- **What you are asked to do**: Output must consist only of the lines of the material below from the one with "Aspirator Myria vertical" through the one with "Как распознать признаки инфаркта у женщин", each reproduced exactly; no pictures belong in it.

- **Extracted information**:
_ _ _

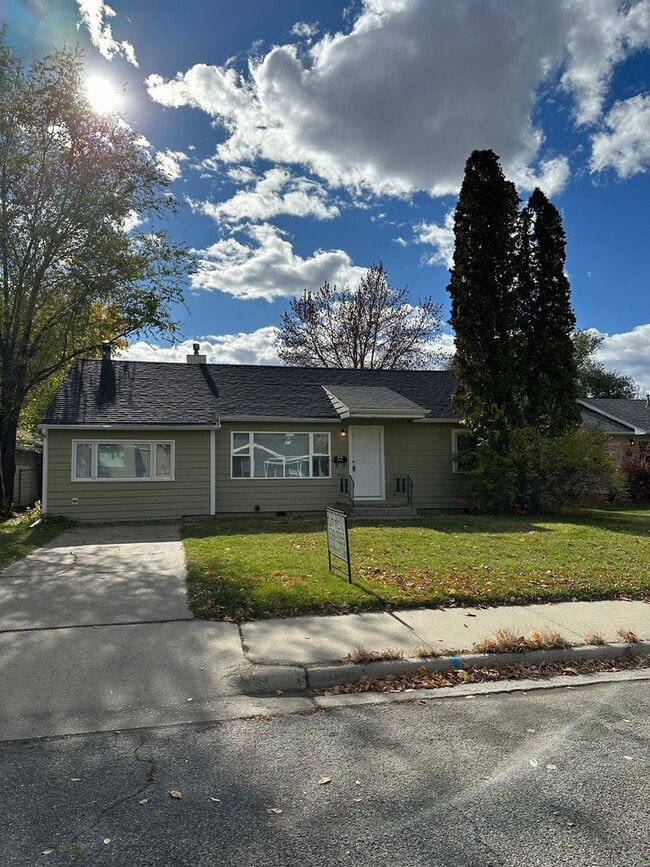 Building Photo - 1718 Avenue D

_ _ _

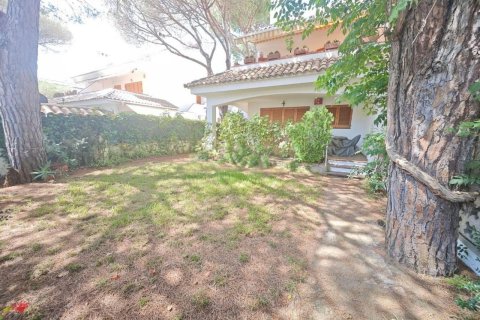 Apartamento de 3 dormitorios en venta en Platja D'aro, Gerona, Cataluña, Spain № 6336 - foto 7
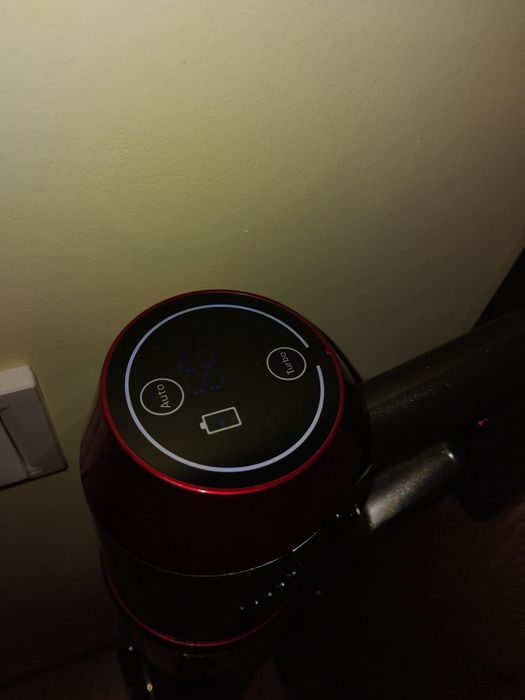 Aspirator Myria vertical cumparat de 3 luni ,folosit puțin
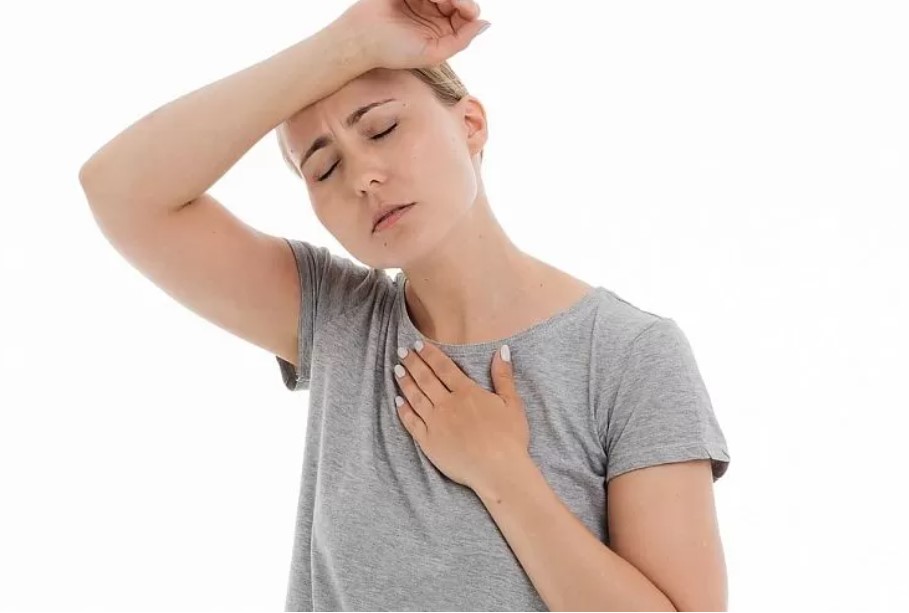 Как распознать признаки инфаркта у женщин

_ _ _

- **Response to this exercise**:
 Aspirator Myria vertical cumparat de 3 luni ,folosit puțin
 Как распознать признаки инфаркта у женщин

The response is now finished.